Le juge de la mise en état a souligné que cette demande dépassait sa compétence.

L’ordonnance étant confirmée en ce qu’elle a rejeté les irrecevabilités soulevées, le rejet de la demande relative à l’inscription de l’hypothèque ne peut qu’être confirmée.

Sur les dépens et l’article 700 du code de procédure civile

L’ordonnance entreprise doit être confirmée en ses dispositions relatives aux dépens et aux frais irrépétibles.

Les appelants, qui succombent, doivent être condamnés aux dépens d’appel, de sorte qu’il n’y a pas lieu à statuer sur leur demande de recouvrement direct et qu’ils seront déboutés de leur demande de remboursement de frais irrépétibles.

L’intimée a exposé des frais de défense complémentaires en cause d’appel ; il convient de faire application de l’article 700 du code de procédure civile à son profit à hauteur de 10 000 euros.

La solidarité étant soit légale soit conventionnelle, la condamnation sera prononcée in solidum.

PAR CES MOTIFS

La Cour,

Statuant publiquement, contradictoirement et en dernier ressort,

Confirme l’ordonnance critiquée,

Y ajoutant,

Condamne Mme [D] [V] épouse [C] et M. [S] [C] aux dépens d’appel,

Dit n’y avoir lieu de statuer sur la demande de recouvrement direct de Mme [D] [V] épouse [C] et M. [S] [C],

Déboute Mme [D] [V] épouse [C] et M. [S] [C] de leur demande de remboursement de leurs frais irrépétibles,

Condamne in solidum Mme [D] [V] épouse [C] et M. [S] [C] à verser à la [8] une indemnité complémentaire de 10 000 €uros au titre de l’article 700 du code de procédure civile,

Déboute les parties de leurs demandes plus amples ou contraires.

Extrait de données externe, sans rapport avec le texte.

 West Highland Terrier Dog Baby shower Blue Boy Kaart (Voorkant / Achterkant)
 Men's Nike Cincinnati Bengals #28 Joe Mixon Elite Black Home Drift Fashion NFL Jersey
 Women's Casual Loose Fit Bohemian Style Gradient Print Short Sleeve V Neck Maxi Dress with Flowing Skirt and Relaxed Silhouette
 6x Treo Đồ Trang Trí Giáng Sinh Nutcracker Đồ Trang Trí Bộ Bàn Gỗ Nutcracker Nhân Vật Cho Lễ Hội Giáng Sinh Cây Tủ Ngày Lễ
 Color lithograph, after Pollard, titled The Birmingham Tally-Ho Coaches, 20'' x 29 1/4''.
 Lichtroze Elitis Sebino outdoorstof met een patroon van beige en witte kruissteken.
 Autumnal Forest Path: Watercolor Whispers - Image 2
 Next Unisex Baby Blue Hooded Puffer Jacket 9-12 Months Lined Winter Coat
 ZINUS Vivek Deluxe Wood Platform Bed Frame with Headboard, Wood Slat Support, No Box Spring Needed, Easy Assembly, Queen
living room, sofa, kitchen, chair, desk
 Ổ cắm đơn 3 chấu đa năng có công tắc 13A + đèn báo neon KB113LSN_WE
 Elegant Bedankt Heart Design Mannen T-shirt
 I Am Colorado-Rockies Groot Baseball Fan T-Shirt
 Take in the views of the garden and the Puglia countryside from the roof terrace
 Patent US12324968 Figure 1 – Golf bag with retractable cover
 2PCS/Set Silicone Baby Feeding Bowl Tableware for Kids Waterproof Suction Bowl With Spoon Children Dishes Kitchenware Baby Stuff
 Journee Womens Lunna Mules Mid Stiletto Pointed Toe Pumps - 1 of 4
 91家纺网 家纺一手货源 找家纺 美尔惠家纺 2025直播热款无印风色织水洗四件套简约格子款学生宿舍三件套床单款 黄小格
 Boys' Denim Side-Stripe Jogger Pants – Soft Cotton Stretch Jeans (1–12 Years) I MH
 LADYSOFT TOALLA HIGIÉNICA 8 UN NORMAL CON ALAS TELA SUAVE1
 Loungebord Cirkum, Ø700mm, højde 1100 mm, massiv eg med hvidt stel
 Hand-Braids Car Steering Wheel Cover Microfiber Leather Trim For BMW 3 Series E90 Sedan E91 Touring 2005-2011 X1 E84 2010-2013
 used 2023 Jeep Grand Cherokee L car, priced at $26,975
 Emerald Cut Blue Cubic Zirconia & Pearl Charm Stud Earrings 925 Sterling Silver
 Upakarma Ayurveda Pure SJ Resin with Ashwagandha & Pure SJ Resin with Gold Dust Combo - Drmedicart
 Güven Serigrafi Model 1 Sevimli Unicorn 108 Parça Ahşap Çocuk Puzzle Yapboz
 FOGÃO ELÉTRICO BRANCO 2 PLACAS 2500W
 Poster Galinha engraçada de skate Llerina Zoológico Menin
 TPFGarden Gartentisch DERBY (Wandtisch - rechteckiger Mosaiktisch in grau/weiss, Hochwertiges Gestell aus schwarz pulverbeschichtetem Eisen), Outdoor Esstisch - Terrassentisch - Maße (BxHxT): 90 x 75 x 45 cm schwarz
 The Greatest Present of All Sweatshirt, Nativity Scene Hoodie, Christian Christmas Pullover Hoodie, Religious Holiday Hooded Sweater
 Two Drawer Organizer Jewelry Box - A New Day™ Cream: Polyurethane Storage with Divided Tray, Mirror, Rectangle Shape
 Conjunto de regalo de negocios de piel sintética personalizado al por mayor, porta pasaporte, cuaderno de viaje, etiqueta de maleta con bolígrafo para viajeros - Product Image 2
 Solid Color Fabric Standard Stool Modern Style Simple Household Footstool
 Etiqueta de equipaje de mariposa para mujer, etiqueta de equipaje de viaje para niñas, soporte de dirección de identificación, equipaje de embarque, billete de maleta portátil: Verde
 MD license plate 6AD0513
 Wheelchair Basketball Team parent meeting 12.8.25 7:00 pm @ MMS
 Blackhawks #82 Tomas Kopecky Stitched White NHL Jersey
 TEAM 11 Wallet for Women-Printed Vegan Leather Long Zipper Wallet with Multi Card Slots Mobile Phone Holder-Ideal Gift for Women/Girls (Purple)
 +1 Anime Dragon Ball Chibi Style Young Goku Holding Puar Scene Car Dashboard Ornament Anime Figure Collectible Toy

Prononcé par mise à disposition de l’arrêt au greffe de la Cour, les parties en ayant été préalablement avisées dans les conditions prévues au deuxième alinéa de l’article 450 du code de procédure civile,

Signé par Madame Michèle JAILLET, présidente, et par Madame Fabienne NIETO, greffière, auquel la minute de la décision a été remise par la magistrate signataire.